In London some of those prominent in Theosophical work were met, including Mr. Trevor Barker, who had at that time had already published THE MAHATMA LETTERS TO A.P. SINNETT was actively engaged in editing H. P. BLAVATSKY'S LETTERS TO A.P. SINNETT. He and Miss Virginia Beadle fell in love and were married.
This brought about a change in the plans of Miss Sophia Camacho, who was determined to go to India as she had promised. Mr. Wadia and she discussed this matter, and they decided that a "marriage of convenience" would be the best method to employ, it being understood from the outset that working for Theosophy was the sole bond between them, and that Mr. Wadia lent her the protection of his name so that the original plan would go forward, and her valuable help could still be made available in India. On this basis they were married in London in 1928.
In regard to the publishing of THE MAHATMA LETTERS: Mr. Trevor Barker had earlier written Mr. Wadia and told him of his intention of printing those letters. Mr. Wadia replied that he did not think it was advisable to do that. Mr. Barker went ahead anyway, and had them published. Later when he met Mr. Wadia in London, he is said to have again asked: "Did I do right in publishing them?" To this BPW answered: "You should not have published them, but I am glad that you did it."
The year 1928 found Mr. and Mrs. Wadia on their way from London to India, and together with Mr. T. L. Crombie they visited in October the Netherlands staying at the home of Mr. T. F. Vreede near The Hague. He had been instrumental in bringing back pure Theosophy as presented by the ULT to that town and to Amsterdam. BPW gave a number of talks and conducted study classes.
Between January and the end of April 1929, Mr.

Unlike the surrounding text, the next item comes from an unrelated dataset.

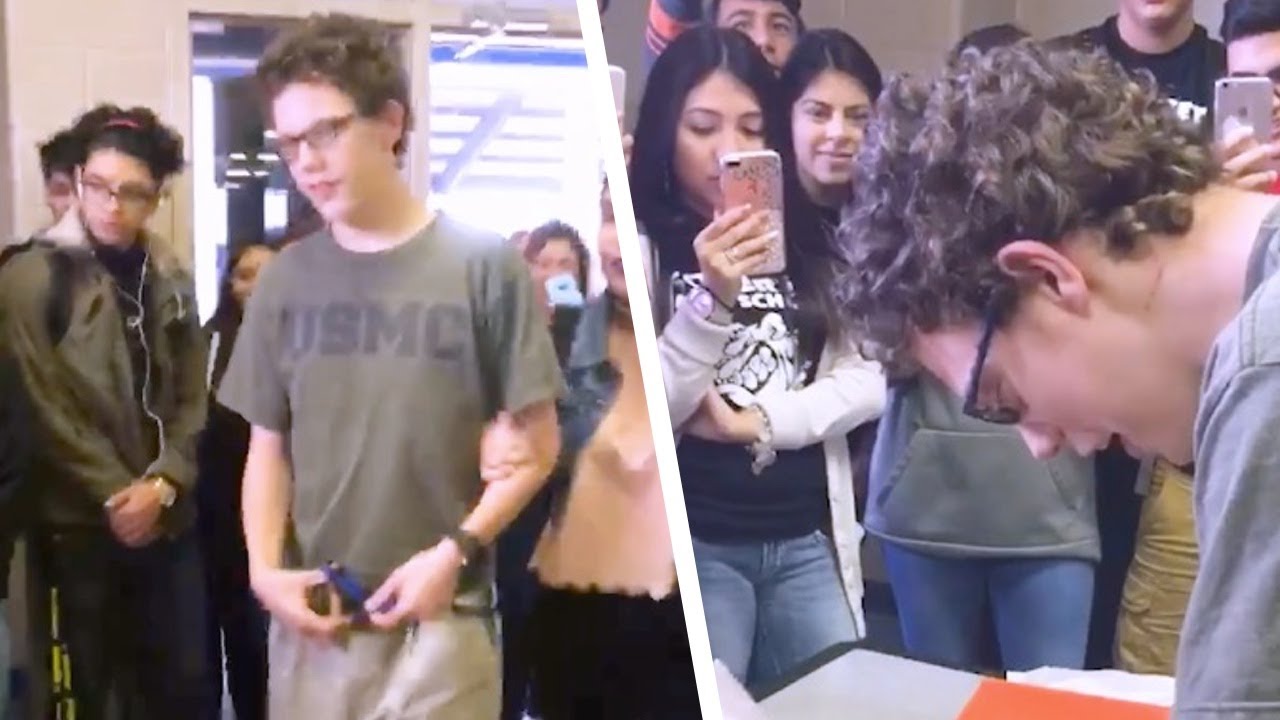 Le garçon n'a aucune idée de ce que ses camarades de classe ont fait pour lui. Très touchant !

Wadia lectured for the London ULT at the Victoria Hall, Bloomsbury, to packed audiences. The London Lodge was then housed in rented premises in a building a couple of blocks from Marble Arch.
[During the 2nd World War, that building was bombed, a large number of books were destroyed, and while temporary repairs enabled meetings to be continued, it was apparent that the London Lodge would have to seek for new premises. When a building was purchased at 62 Queen's Gardens, near Paddington Station, the Lodge made its move.]
B.P. Wadia Back In India
The London Branch of the Aryan Path magazine (started in 1930) worked out of the building; and in the floor devoted to the Library, meetings were held for the London Branch of INDIAN INSTITUTE OF WORLD CULTURE (started in 1944 in Bangalore, India by Mr. Wadia).
In March 1929, Mr. and Mrs. Wadia were in London, they also were visited by many students from the European continent. They, in turn, visited a number of the ULT Lodges there before beginning their trip to India. A ULT Study Group was started in Amsterdam under the inspiration received by some of its residents from their visits and talks with him. The Antwerp Lodge was inaugurated on November 17th 1956. Lodges were also started in Amsterdam and The Hague.
Back to India
Bringing original and pure Theosophy back to India, was next. Those students who had gone ahead, had established themselves there, and had found a suitable hall for meetings in the "Fort" of Bombay at 51 Esplanade Rd., Flora Fountain (now the center of the business district). They had located a fine residential complex at 17 Bomanji Petit Rd. in Malabar Hill 4 miles away, where apartments were available for all. The Wadias had a small detached bungalow in the same compound. Mr. and Mrs. Wadia landed in Bombay on May 31st, 1929 just before the monsoon rains arrived.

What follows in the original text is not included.